I turned 20 eight days ago, and the situation compared to ten years ago cannot be much more different. It was only the beginning of the fall. I remember hearing of O’Leary’s sacking one day after school, but I didn’t really understand why at the time. In the ten years since, we’ve arguably only had one decent season. That was in League One. Three of the four midfielders who featured in that side regularly will soon play for a team in the Premier League. We own none of the four.

There are myriad ways in which people have interpreted the departure of Robert Snodgrass. Some Leeds fans have criticized it as the typical movement of a player who has done what is expected and put self before side. They have uttered oft repeated phrases such as “no name on the back of the shirt is more important than the one on the front”.

This is obviously true. Leeds United, as a concept, will exist far longer than Robert Snodgrass’s playing career. It already has, and barring any extenuating circumstances, will continue to do so well into the future. Given that he has left the club, Snodgrass’s time will certainly be little more than a footnote in the annals of the history of the club. He was a good player, at times excellent, and last season he was one of very, very few shining lights. A wand of a left foot, and ball control that impresses, Snodgrass is far too good to sit in the Championship.

There is a flaw to the concept that the players don’t matter, only the club itself. Leeds United, in its current conception, relies upon several things. The most important of these is the perception of its own fans.

For Leeds United fans travel up and down the country to support the club. Despite a season that was worse than average, Leeds took the most away supporters in the football league to stadiums. In the eyes of its own fans, Leeds United is still a big club. There is a limit to this belief. It is impossible to maintain this thought once it actually becomes a delusion. This becomes clearer and clearer as more players depart to clubs that should be lower on the food chain – the Norwich Cities of this world. When players escape from Elland Road at the first true opportunity, when these people are literally paid to be there, how can any less be expected of fans?

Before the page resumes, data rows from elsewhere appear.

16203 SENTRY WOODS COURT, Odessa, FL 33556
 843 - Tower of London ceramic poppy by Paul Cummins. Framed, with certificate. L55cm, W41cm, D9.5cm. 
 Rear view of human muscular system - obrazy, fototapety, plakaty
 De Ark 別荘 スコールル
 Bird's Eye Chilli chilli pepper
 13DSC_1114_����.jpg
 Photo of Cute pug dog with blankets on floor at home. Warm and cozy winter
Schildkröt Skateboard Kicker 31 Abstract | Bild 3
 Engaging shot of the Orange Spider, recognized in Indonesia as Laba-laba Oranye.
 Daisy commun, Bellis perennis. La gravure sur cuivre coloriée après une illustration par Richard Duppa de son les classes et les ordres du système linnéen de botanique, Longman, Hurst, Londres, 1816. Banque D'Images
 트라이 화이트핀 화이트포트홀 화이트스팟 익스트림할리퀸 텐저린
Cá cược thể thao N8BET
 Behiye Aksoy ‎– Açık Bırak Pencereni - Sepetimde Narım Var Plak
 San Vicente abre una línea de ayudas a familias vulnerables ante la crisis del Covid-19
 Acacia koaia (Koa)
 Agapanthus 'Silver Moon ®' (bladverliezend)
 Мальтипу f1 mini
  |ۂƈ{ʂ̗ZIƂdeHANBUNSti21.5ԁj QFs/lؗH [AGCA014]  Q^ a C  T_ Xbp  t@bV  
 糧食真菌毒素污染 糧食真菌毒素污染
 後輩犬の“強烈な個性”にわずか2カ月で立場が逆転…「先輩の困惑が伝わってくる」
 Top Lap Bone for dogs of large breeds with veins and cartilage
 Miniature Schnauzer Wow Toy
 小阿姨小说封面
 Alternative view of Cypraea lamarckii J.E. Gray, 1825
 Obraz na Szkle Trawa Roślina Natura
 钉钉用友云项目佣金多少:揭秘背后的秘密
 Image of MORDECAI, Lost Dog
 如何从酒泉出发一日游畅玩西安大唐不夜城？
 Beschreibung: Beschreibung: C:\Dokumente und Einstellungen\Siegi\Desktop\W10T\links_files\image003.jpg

I am not concerned for the current generation. Clearly the time has come and gone for the current fans of the club to wave the white flag, when Histon and the rest beat us on wind swept pitches in the lower reaches of league football. It is their children I am concerned for. Whilst my year of Leeds fans at school were all committed to the concept of Leeds United (as I detailed in an article for The Square Ball), even given our upbringing outside of the usual spheres of footballing influence, the same cannot be said for my younger brother’s contemporaries. A mere four and a half years younger, from what he says the majority of those in his year group do not support Leeds United. He only ever saw one game of ours in the Premier League live (a loss to Spurs), and awaits the day that he’ll see another. Those younger than him do not even have that. Why, given the choices available in this world, the free broadcast of football teams who play the game in a manner that can only be dreamed of, would those younger than us choose Leeds? With this generation of comfortable parenting, which mothers and fathers will allow each other to plunge their children into the depressing world being a Leeds fan has become? If things don’t improve, if we don’t keep our best, who will have any impetus to support Leeds thirty years from now?

So Snodgrass has left. Yes, in reality, he is not Lionel Messi. He is not even Junior Hoilett. For a generation of kids, born into the doldrums of the lower leagues, however, he is, or was, a hero. I was lucky when I grew up. I arguably got to see one of the world’s best defensive partnerships (at the time, even though I did not realize it). I got to see a genuinely world-class striker in Mark Viduka, on his day. I even had a hero who had grown up in the club, who turned down bigger moves (even though he has since been vilified…and I’m not talking about Smith). Things went bad, but by then I was committed.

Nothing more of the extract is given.